In a second step, we performed the mapping of the peptides from each list to the peptides of the two others by using the module peptide-to-peptide mapping of PepSimili algorithm. The similarity between two peptides is calculated based on the implemented the PAM30 substitution matrix [
27]. The algorithm defines significant peptide-to-peptide mappings for 7aa at thresholds ranging from 0.4 and 0.8 (maximum 1). We choose threshold 0.68 for mappings.
This approach allows testing of every single peptide of one repertoire to every single peptide of another peptide repertoire (for simplification this was done in a direct comparison of two repertoires at a time; CAF1 to CAF2, CAF1 to CAF3 and CAF2 to CAF3) The resulting lists of threshold criteria-fulfilling mappings were sorted. The presence of the peptides presenting “similarity” at threshold 0.68 among the relevant lists is counted and the similarity above the defined threshold for each comparison is expressed as the percentage of the respectively compared selected peptides.
Applying once more the PepSimili algorithm at threshold 0.68, we then performed peptide-to-peptide mappings using each set of peptides from the three CAF repertoires to the human proteome, here defined as 20 K (File hproteome20Kkgp.fasta; can be obtained upon request), which allows limitation to the most relevant interactive binding proteins in order to gain mapping computer time. For these mappings, the algorithm transforms the proteome in a set of peptides of 7aa. All the peptide mappings on each protein, which is based on the defined similarity PAM30 threshold of the peptide with the linear underlying protein segment, is indicated at the position of the mapping.
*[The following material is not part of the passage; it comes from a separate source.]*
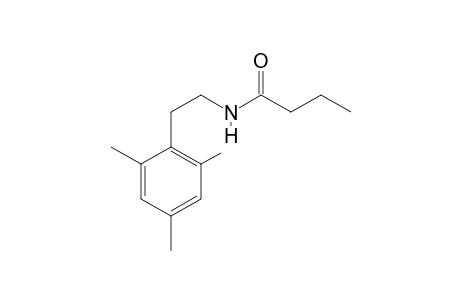2,4,6-Trimethylphenethylamine BUT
The mapping module also integrates the generation of a random Mock repertoire. Mappings on the proteome with the Mock repertoire are automatically subtracted from the relevant mapping result of test repertoire. As there is no equivalent control repertoire to the CAF cell line, such potential mapping and subtraction is not possible in this case study. Altogether, the valuable mappings result in a profile of protein segments that are retained by the criteria-fulfilling peptide mappings. Thereby, the profile starts at the identified amino acid sequence with the change of the number of peptide mappings (hits) from 0 to =/>1 and ends at the protein sequence with the change from =/>1 to 0 hits. The covered segment(s) are retained for the calculation of the m(apping)-score, thereby being the sum of the mappings divided by the portion (numbers of aa) of the protein covered by them.
The mapping-score allows the ranking of the proteins mapped by the peptides of the individual selection repertoires, which serves as a basis for the list of BioInfoMiner calculation that, however, being of no relevance for the present study is not further developed. Finally, among the ranked proteins of interest, the profiles of peptide mappings from each CAF selection are compared by graphical presentation, which shows the amino acid sequence positions within the considered protein and the sum of the amino acids mappings hits (aah) by the peptides of the repertoire.